Hacker News new | ask | show | jobs
by btilly 5812 days ago
There are lies, damned lies, and SLAs. Personally I only find an SLA useful if it is worthwhile. Most of the SLAs out there aren't. And for good reason. You should probably offer one, but like a smart company shouldn't make the burden too bad.

Suppose someone doesn't respond to a page. Is it because they were too far asleep to hear the paging device? Because the paging device didn't work? Because some other problem kept them from working on the page remotely? Because their carrier blocked the page? Because you broke down? Because the problems in their system kept them from sending you the information in the first place?

There are a lot of points of failure. And your service is not one of the more likely ones to break. Furthermore if there is a dispute, whose records win? They didn't respond to a page, your records say they never sent the page. They blame you, how do you resolve that?

Therefore I'd suggest offering an SLA, but make it be something like, "If you missed a page and are convinced that it was our fault, we'll refund the last X months." From your point of view it is a no questions asked refund policy, that carries with it the consequence that that person is not allowed to sign up for your service. (Unless, of course, you're convinced it was your fault they didn't receive their page.) But whatever you do, be careful not to accept potential liability for something that likely was their problem.

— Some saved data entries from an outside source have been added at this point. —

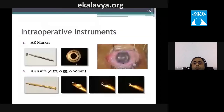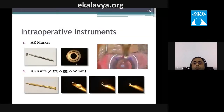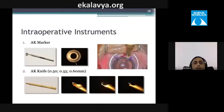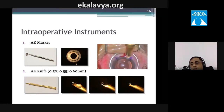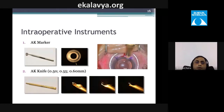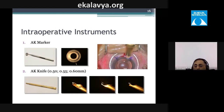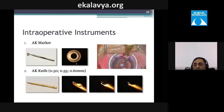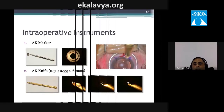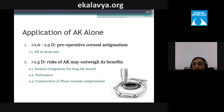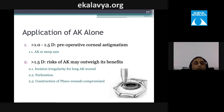To perform a limbal relaxing incision, mark the axis, then hold your blade perpendicular and set the gauge to approximately 0.55 or 0.6 mm depending on corneal thickness, and run an incision parallel to the limbus. An LRI or astigmatic keratotomy is suitable for greater than 1.0 to 1.5 diopters of astigmatism.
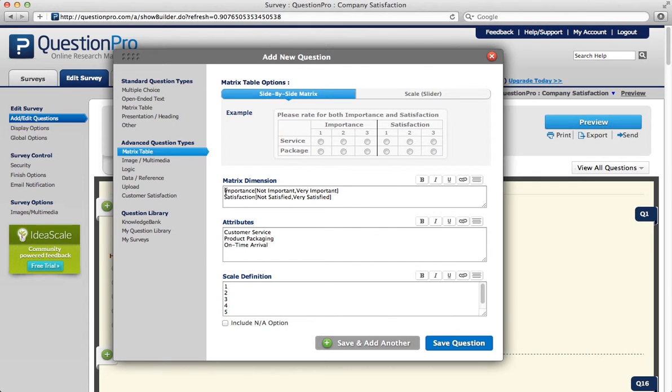If you want your respondents to rate the importance and the satisfaction, then that's what you would enter as the matrix dimension.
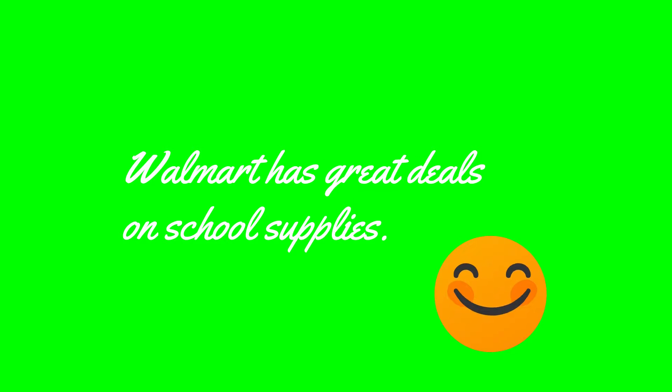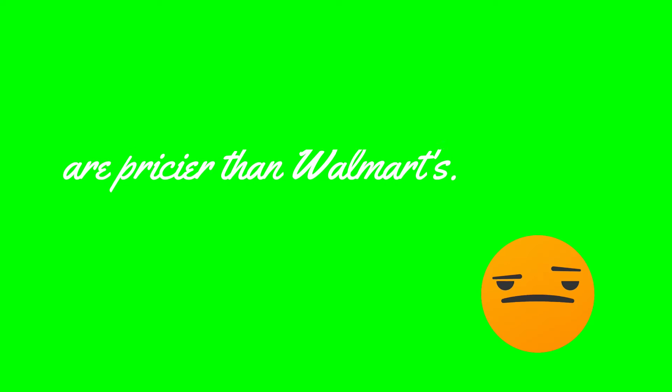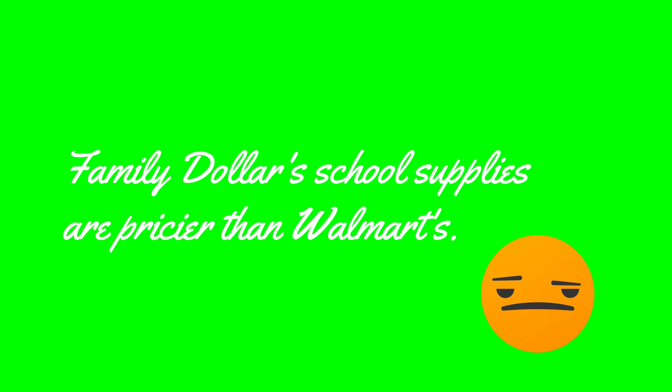I also looked at Family Dollar and realized that Family Dollar is not the best place to shop for school supplies, because a lot of their supplies like composition books and packs of unsharpened pencils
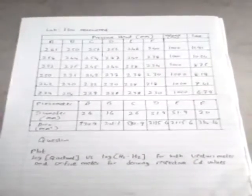Today we're going to see how to do a venturi meter and orifice meter test on pipe flow measurement. To have a standard lab report, we need introduction, then theory, then apparatus, then procedure and calculation, and finally discussion. The question is: plot log Q actual versus log H1 minus H2 for both venturi meter and orifice meter for deriving respective Cd values.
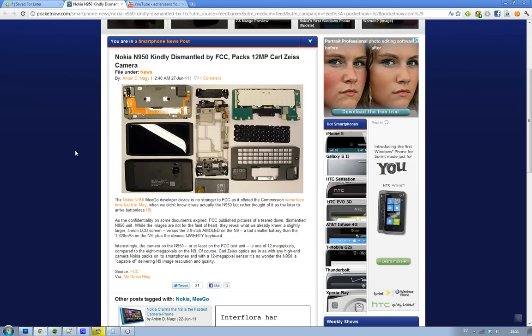The 4-inch LCD screen, the QWERTY keyboard. They totally just ripped that apart.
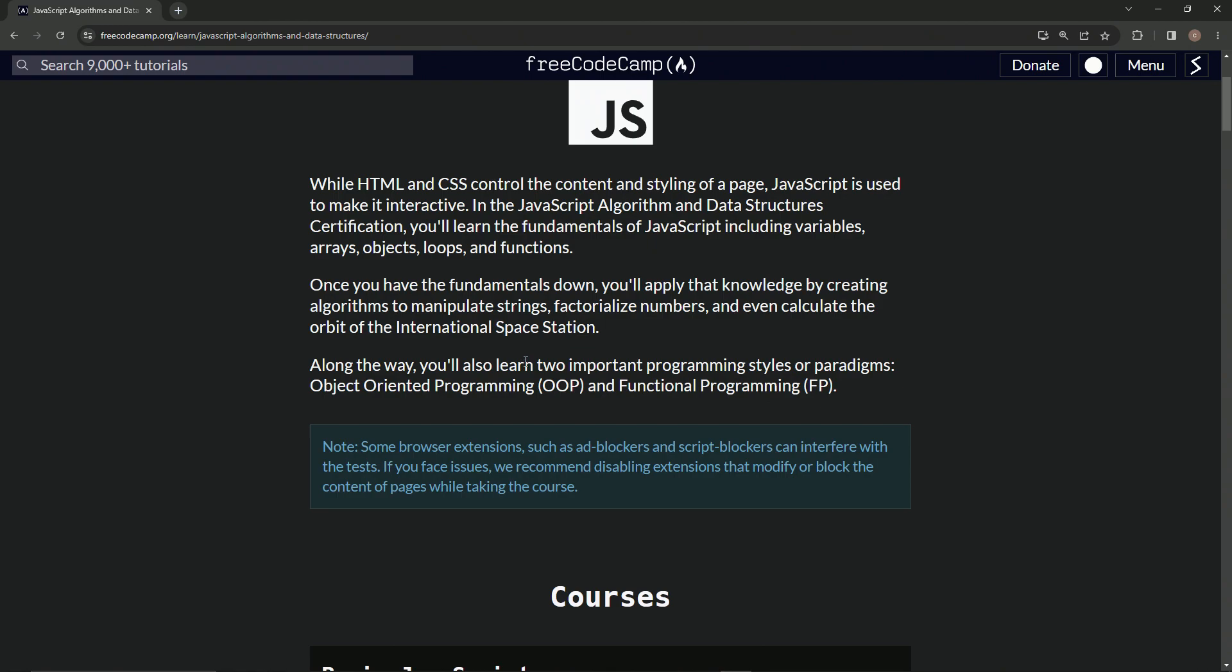Along the way, we'll also learn two important programming styles or paradigms, object-oriented programming, and functional programming. Just kidding on that one.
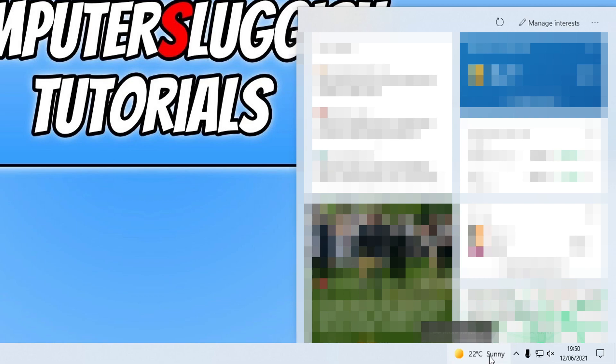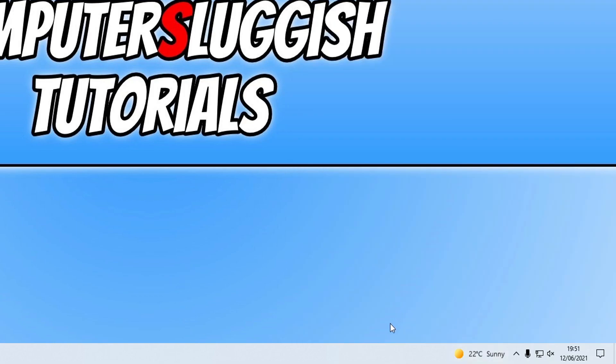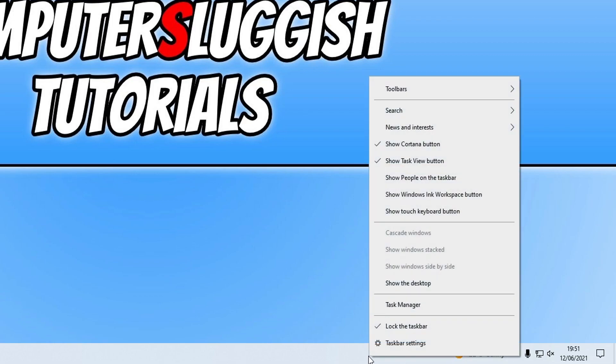You can actually turn this off so it doesn't pop up when you hover over. To do this, all you need to do is right-click on the taskbar.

I would also suggest that you share best practices. For instance an important one is that companies need to provide a well-defined escalation path. Recognize that humans fail (whether because of not waking up, being in the process of driving, etc) and so people are unreliable components that need a fall-back mechanism. The act of educating your clients about things like this will help them avoid problems that could cause them in an imperfect world (ie the one we live in) to become unhappy with you.

1 comments

SLAs with exceptions based on "fault" are meaningless. Either you guarantee you will keep your shit working, or you don't.

(Either way is fine, really... but arguing over "fault" is not a productive activity.)

It's not meaningless? If "working" is dependent on several pieces working, and only some of them is under your control, you can be in a state of "not working" without being at fault.

I've had a server go down for a large group of users because of a malconfigured routing table between them and the server. If we'd had an expensive SLA, there would have been significant "what the heck is it we're paying for, then?" discontent.

right. my point is that if you are selling the customer a service, and you say 'I will get you network connectivity' and then, for reasons outside your control, you don't get them network connectivity, it doesn't make much difference to the customer if the network is broken because you did something dumb or if the network is broken you are getting DDos'd from china. the point is that the network is broken.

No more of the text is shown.